The President has even said Ivanka Trump would be his guide on women’s health issues.
“Ivanka is so much into that whole issue of women’s health and women,” Trump said in a 2015 interview with Fox News. “And she’s my guide on that whole subject.”
But the first daughter has been hesitant about publicly speaking about her views on abortion, despite saying she would be an advocate for women’s health inside the White House.
“I don’t talk about my politics,” she told Boston Public Radio in 2016. “I don’t feel like it’s my role … I’m the daughter. I don’t think my politics are relevant to the discussion.”
What is clear is that the meeting with Planned Parenthood – and whatever information Trump took away from it – did not sway her father’s administration, which has since targeted the organization. The Republican health care bill, which was fully backed by the White House, would have defunded Planned Parenthood.
Democratic organizations blasted the bill on Thursday.

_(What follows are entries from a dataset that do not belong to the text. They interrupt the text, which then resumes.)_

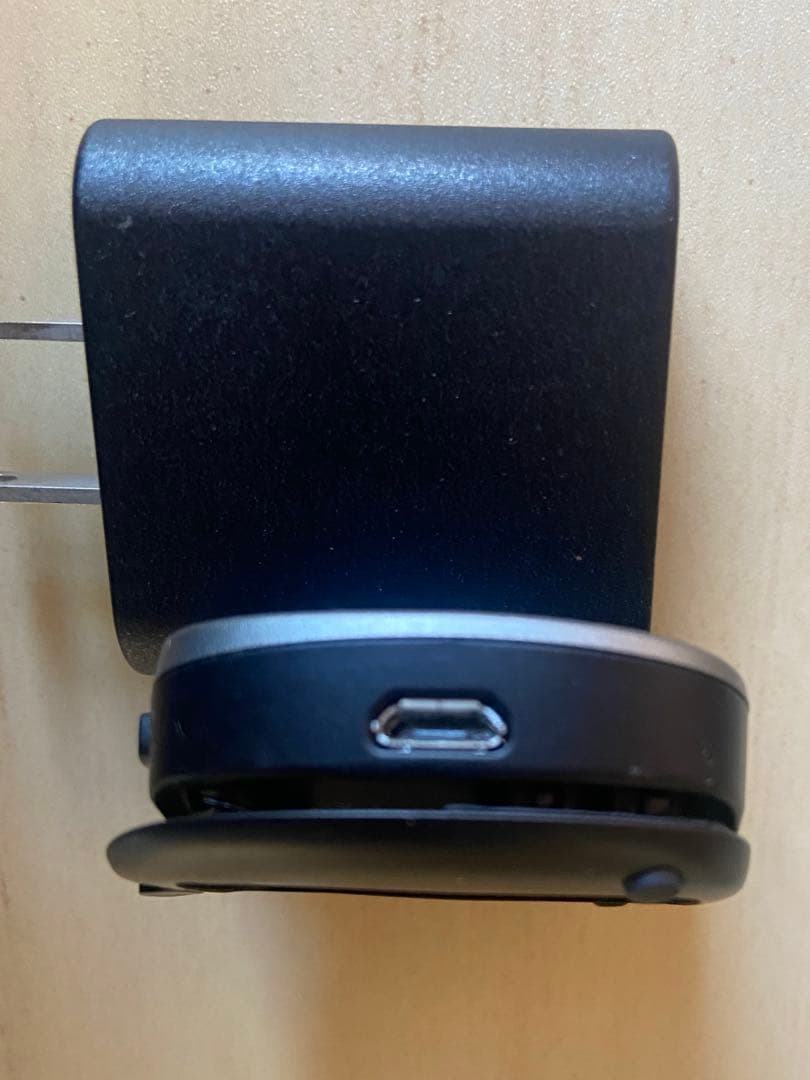 WIDEX ワイデックス　サウンドシステム　充電器とネックストラップ付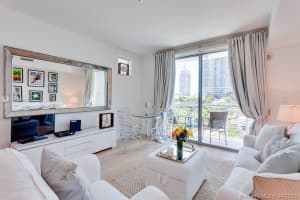 110 Washington Ave, Miami Beach, FL 33139, Sold 01/29/21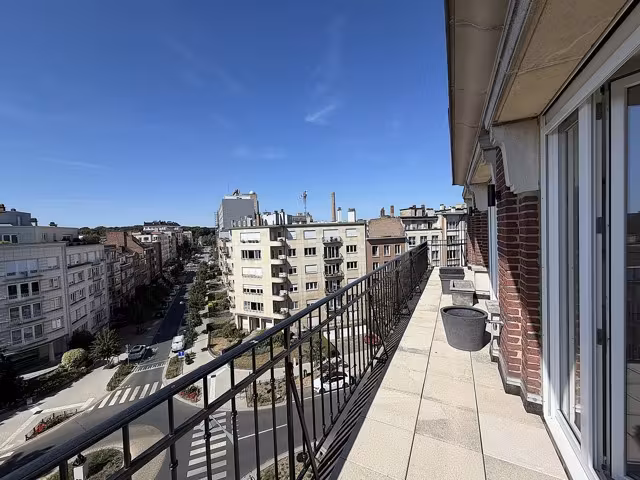 Luxury three-bedroom penthouse in Ixelles - 14
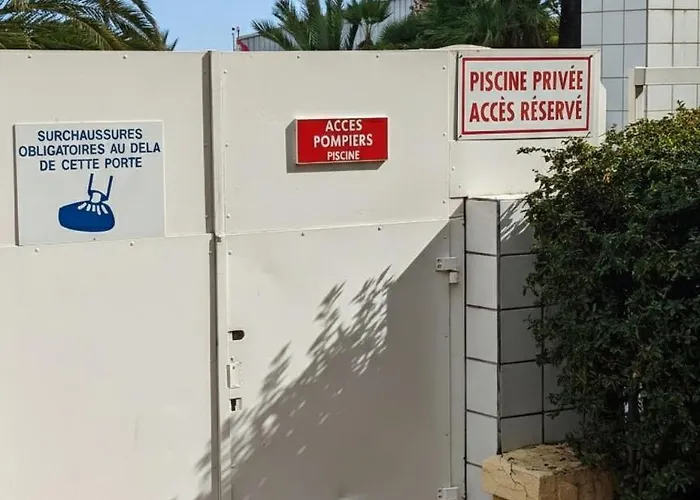 Апартаменты Luxury Eden Park Pool & Parking Included *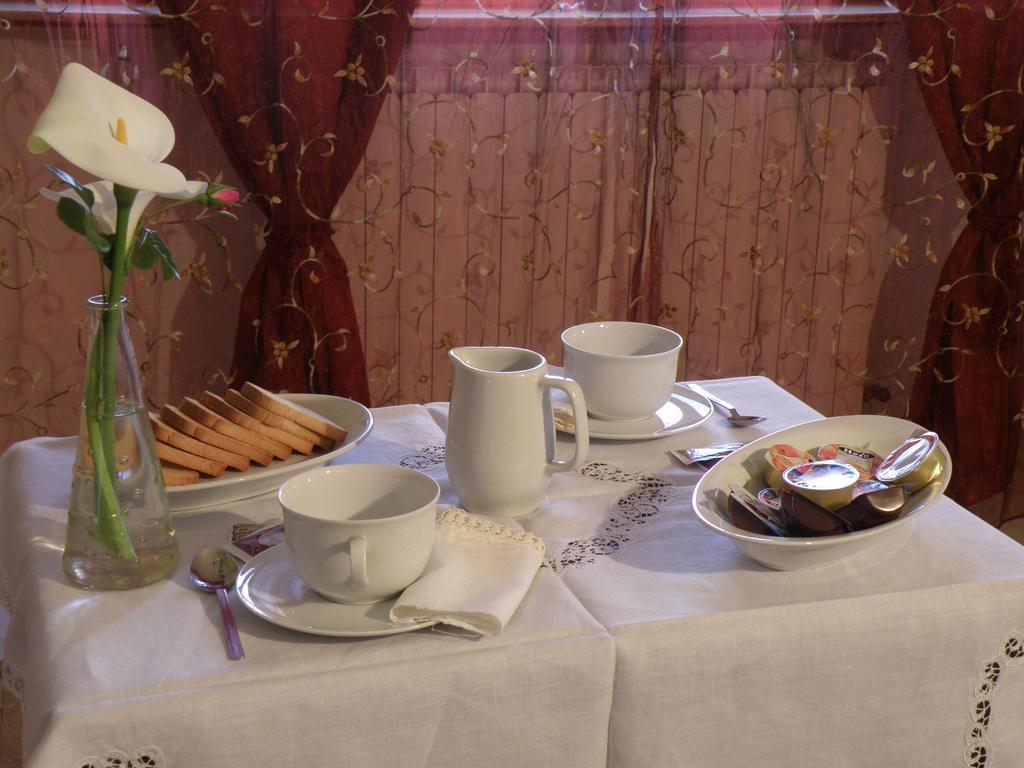 B&B Villa Mirella Casnate Con Bernate Екстер'єр фото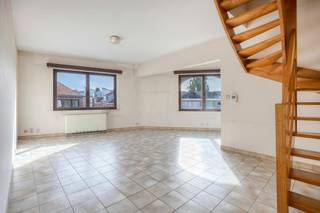 Dit duplexappartement, gelegen op de derde verdieping in de Lombardsijdestraat 27 te Neder-Over-Heembeek, biedt een aangename woonomgeving met een praktische indeling en mooie leefruimtes.<br /><br />De open leefruimte met geïntegreerde keuken vormt het hart van het appartement en biedt rechtstreeks toegang tot het ruime terras, waar je volop kunt genieten van het buitenleven. Verder beschikt het appartement over drie slaapkamers en een badkamer.<br /><br />Indeling:<br />- Open leefruimte met geïntegreerde keuken<br />- Drie slaapkamers<br />- Ruime badkamer<br />- Groot terras<br /><br />Garagebox apart aan te kopen: €25.000<br /><br />Een interessante opportuniteit voor wie op zoek is naar een ruim appartement met drie slaapkamers en een aangename buitenruimte.<br /><br />Bestuursmaatregelen in het maatregelenregister: nee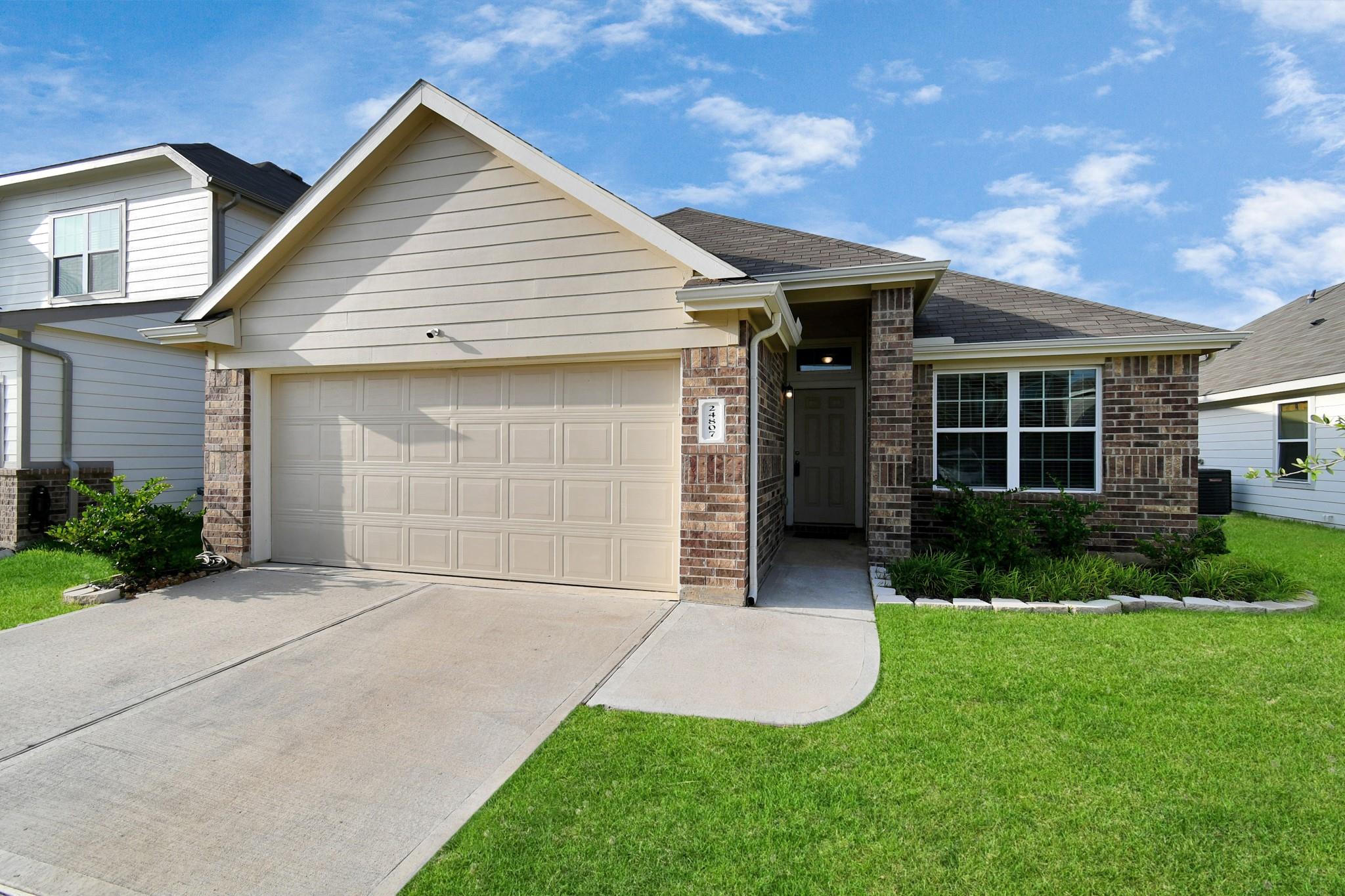 24807 Bastiani Canvas Lane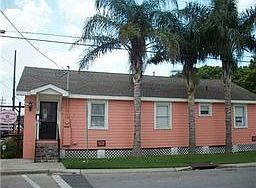 2nd image of 5601 Tchoupitoulas St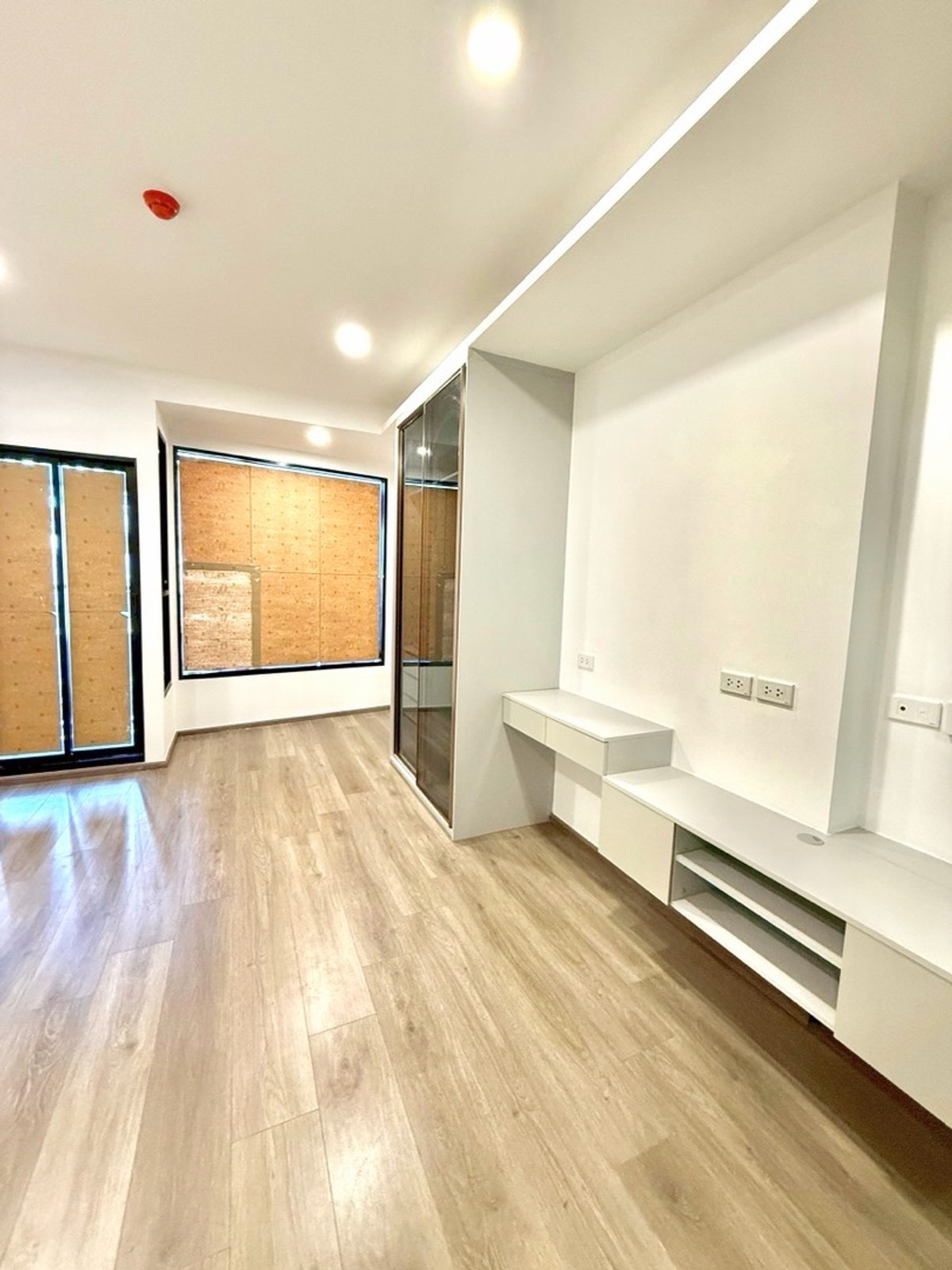 ขายคอนโดรัชดา ห้วยขวาง : 💥 ด่วน! ห้องเดียวเท่านั้น ใจกลางรัชดา 🔥
🚆 MRT ห้วยขวาง เดินถึงจริง ✨ แต่งครบ วิวโล่ง 🚨 ราคาพิเศษสุดท้าย ใครช้าอด 📞 ทักเลยก่อนหลุดจอง!
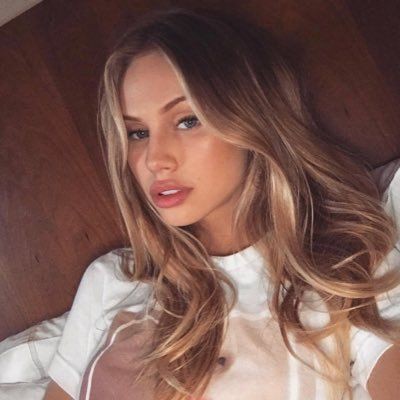 Ольга 25 ans Симферополь  Russie
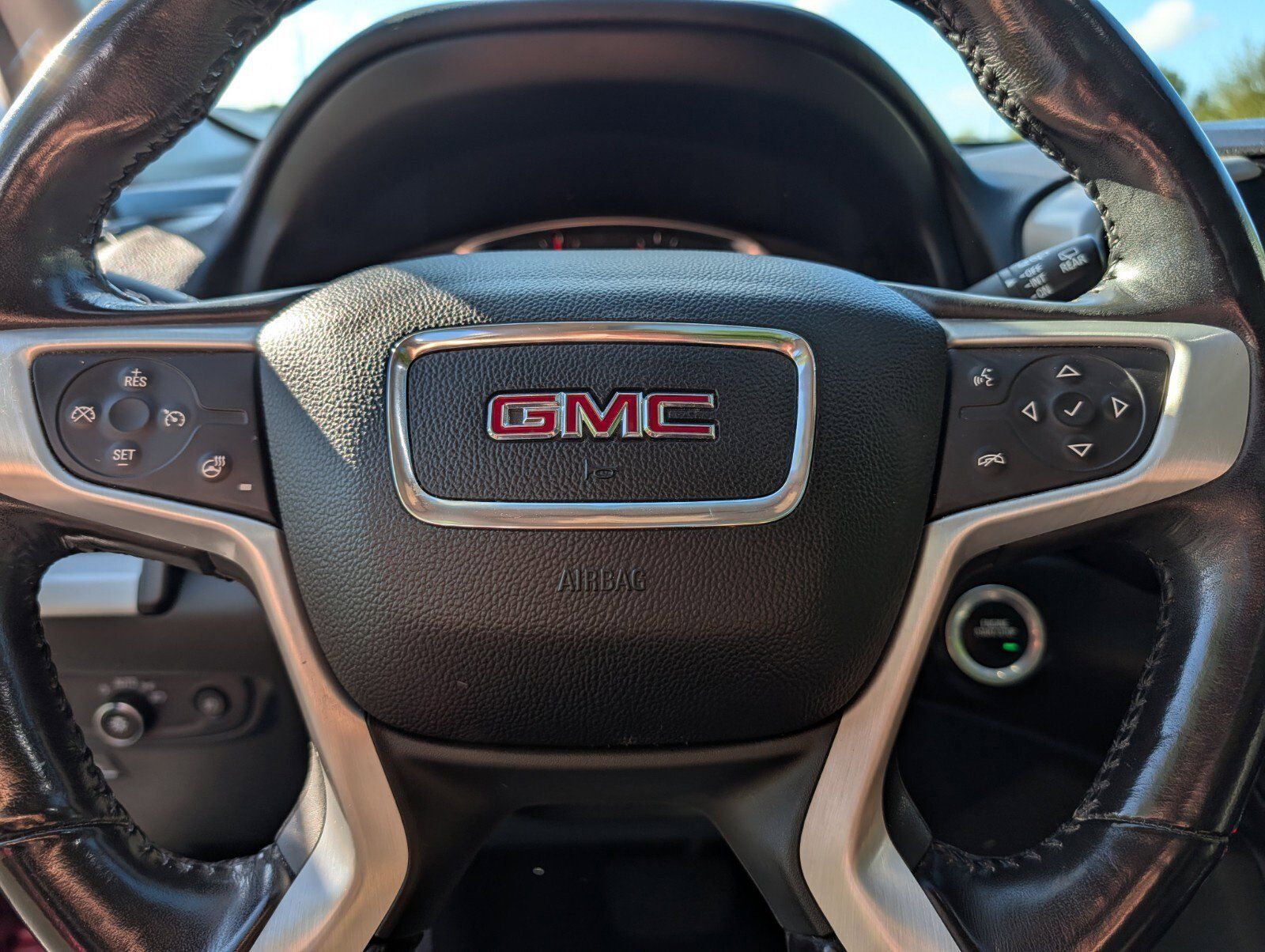 Used 2019 GMC Terrain SLT w/ Preferred Package AWD/4WD image 33
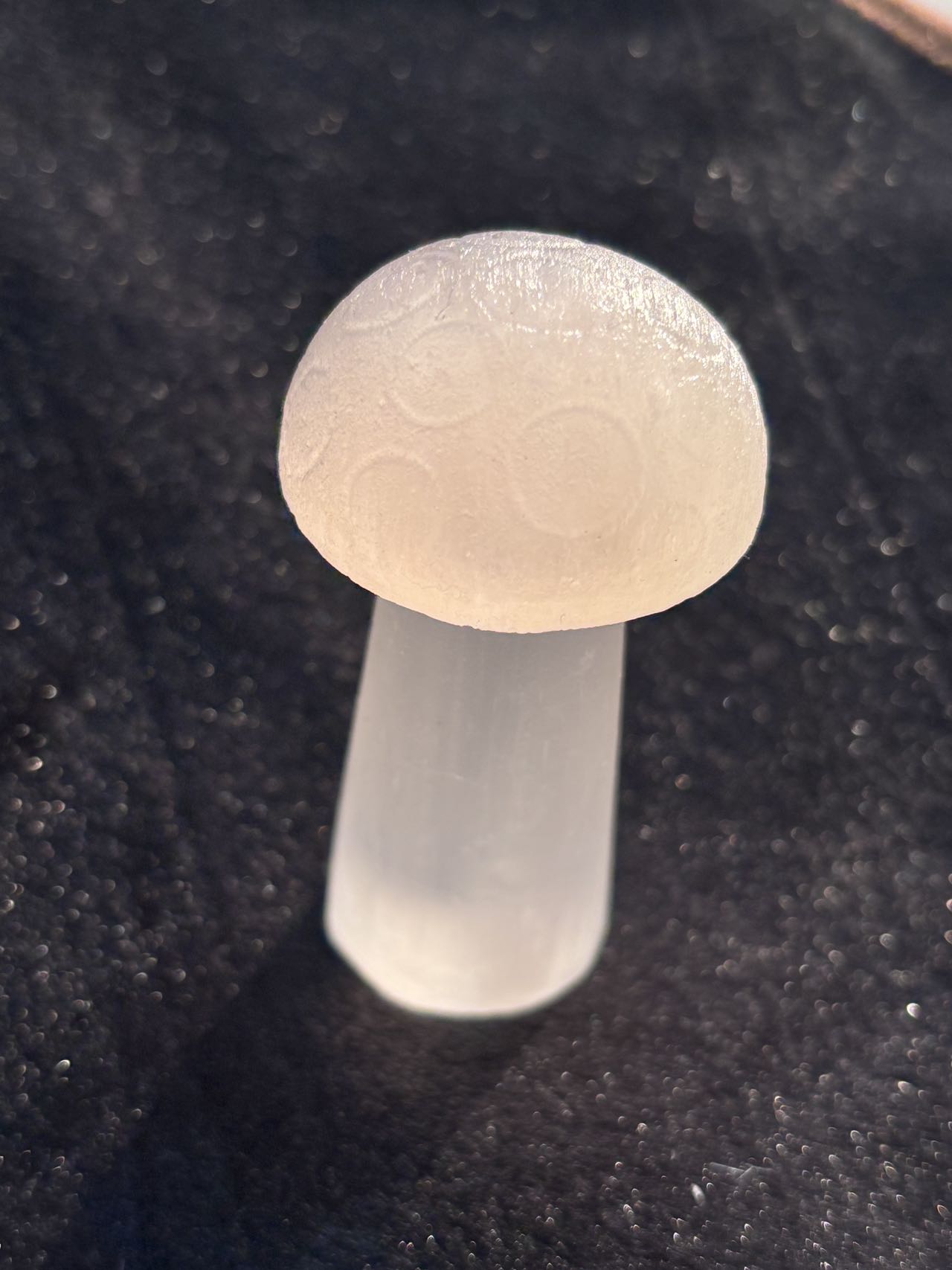 Small Mushroom，Natural Moroccan transparent plaster ornaments，63g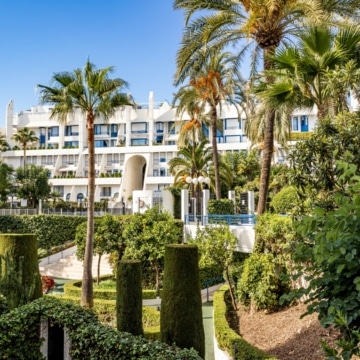 Beautiful ground-floor duplex with stunning sea view in the heart of Marbella Picture 31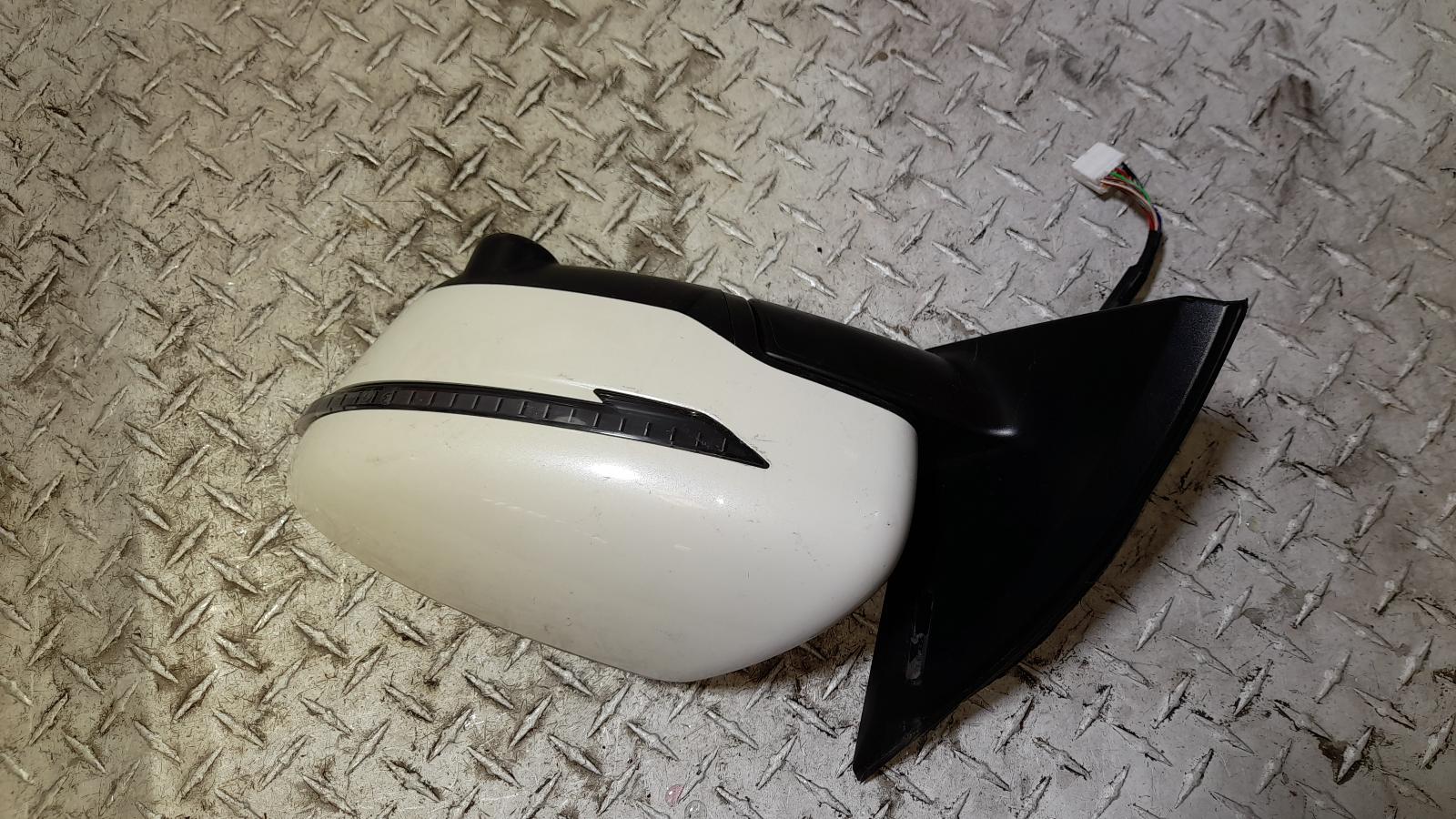 View Auto part Left Door Mirror Nissan Qashqai 2015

“Stripping millions of Americans of the critical health care services that Planned Parenthood provides doesn’t just hurt women – it hurts entire families and their economic security,” said Stephanie Schriock, the head of EMILY’s List, a Democratic political action committee. “This is just one more example of Donald Trump’s White House and this Republican Congress taking every single opportunity to chip away at women’s rights, and we won’t stand for it.”
House Speaker Paul Ryan called the signing a “a major pro-life victory.”